To be performance targeted, sportswear and protective wear need to display certain characteristics.
 
In the underwear, lingerie and swimwear category for example, apparel needs to be aerodynamic in sports that reveal the underwear or that need specialised underwear. When outerwear is subjected to extreme weather conditions, the accompanying underwear needs to provide warmth. In all cases, breathability is an important feature.
 
For socks and hosiery, thermal insulation, waterproofness, breathability and anti-odour properties are all likely to be important characteristics.
 
Shirts and blouses have become mostly obsolete in the sports world. However, for protective apparel, the ability to resist odours, and to be breathable and anti-microbial is key.
 
T-Shirts, singlets and polos need to be aerodynamic if worn for cycling, running or skating and, for cooler weather sports, need to provide thermal insulation. For sweats and fleeces, thermal insulation and windproofness are paramount.
 
Although knitwear has practically disappeared from use within sport, it is still crops up in industrial protective wear and uses semi-scientific marketing.
 
For jackets, trousers and overalls, the ability to provide warmth, waterproofness and windproofness are essential requirements.
 
Breakthroughs in performance fabric
After advancements were made in poly-cotton blends and membrane technology in the sixties and seventies, breakthroughs in performance fabric slowed down for almost 20 years.
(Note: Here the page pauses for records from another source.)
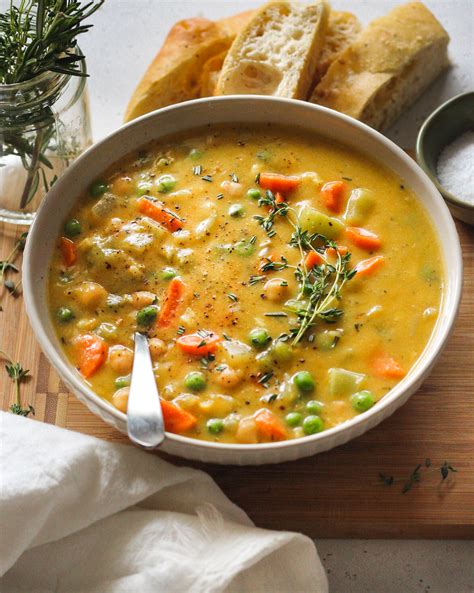 what to serve with soup to make a meal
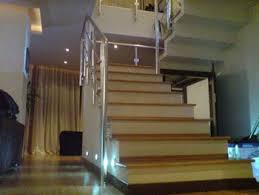 Балконите, лоджиите, терасите и външните стълби трябва да имат парапети, изпълнени от здрав материал, с действащ стандарт за стълбищните парапети: Aluminievi I Inoksovi Parapeti Modeli I Ceni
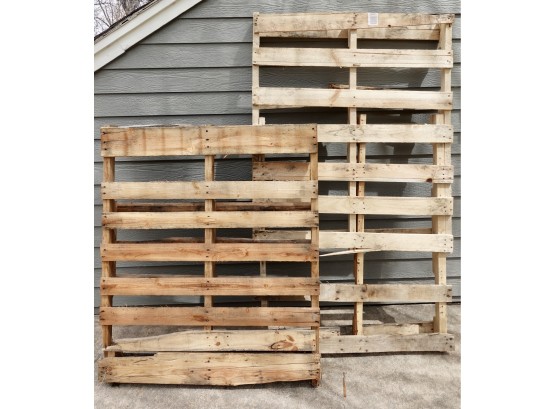 2 Shipping Pallets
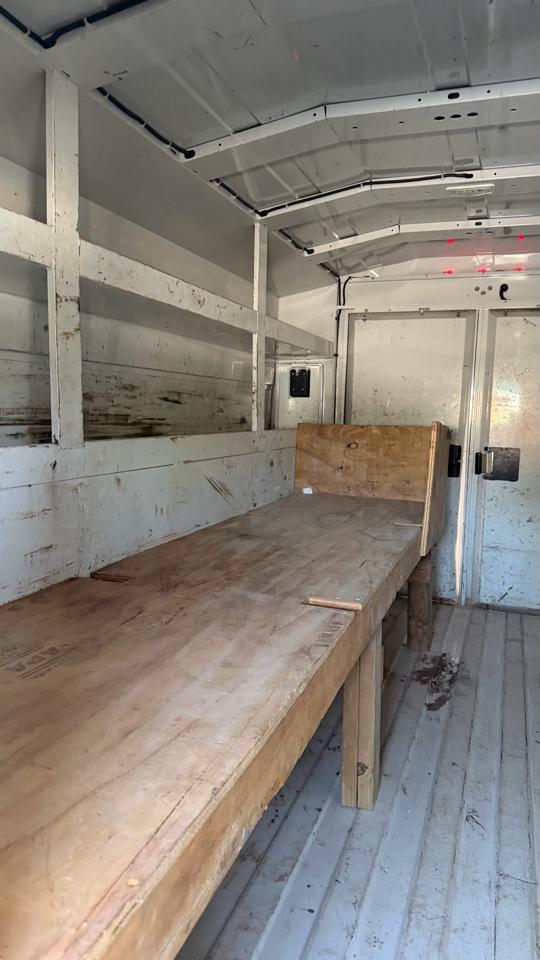 Ford E-Series Cutaway E-350 SRW 138" WB 2021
However, over the last few years the industry has thrown up a number of new product innovations, primarily in fibre technologies.
 
The general trend of today's advancements tends to be combining fabric traits which were previously mutually exclusive - for example, being waterproof and breathable and defending against dirt while allowing soil release.
 
However, just-style's report questions whether or not these developments will be sufficient to salvage the flagging dyeing and finishing industries of the US and EU, or encourage low cost country spinners and weavers to target the higher end of the market.
 
Success in the future
The performance wear market's success in the future rests on two key factors the report believes: the willingness of consumers to pay the steep costs that state-of-the-art sportswear fabric entail, and the willingness of industrial buyers to pay the prices that the best protectivewear solutions demand.
 
just-style's report concludes that although performance apparel will see good growth in the future, marketers of products in the developed world must consider the issues that their lower cost and quota free rivals pose.
 
These are:
• Whether or not the brand marketing/service offer can sell within the developed world when competing with local producers;
• If a brand is strong enough to attract developing country suppliers as business partners;
• If the company has enough control over low cost suppliers to prevent them from breaking into the market on their own initiative; and
• Whether businesses should try to control supply, or to form strategic partnerships.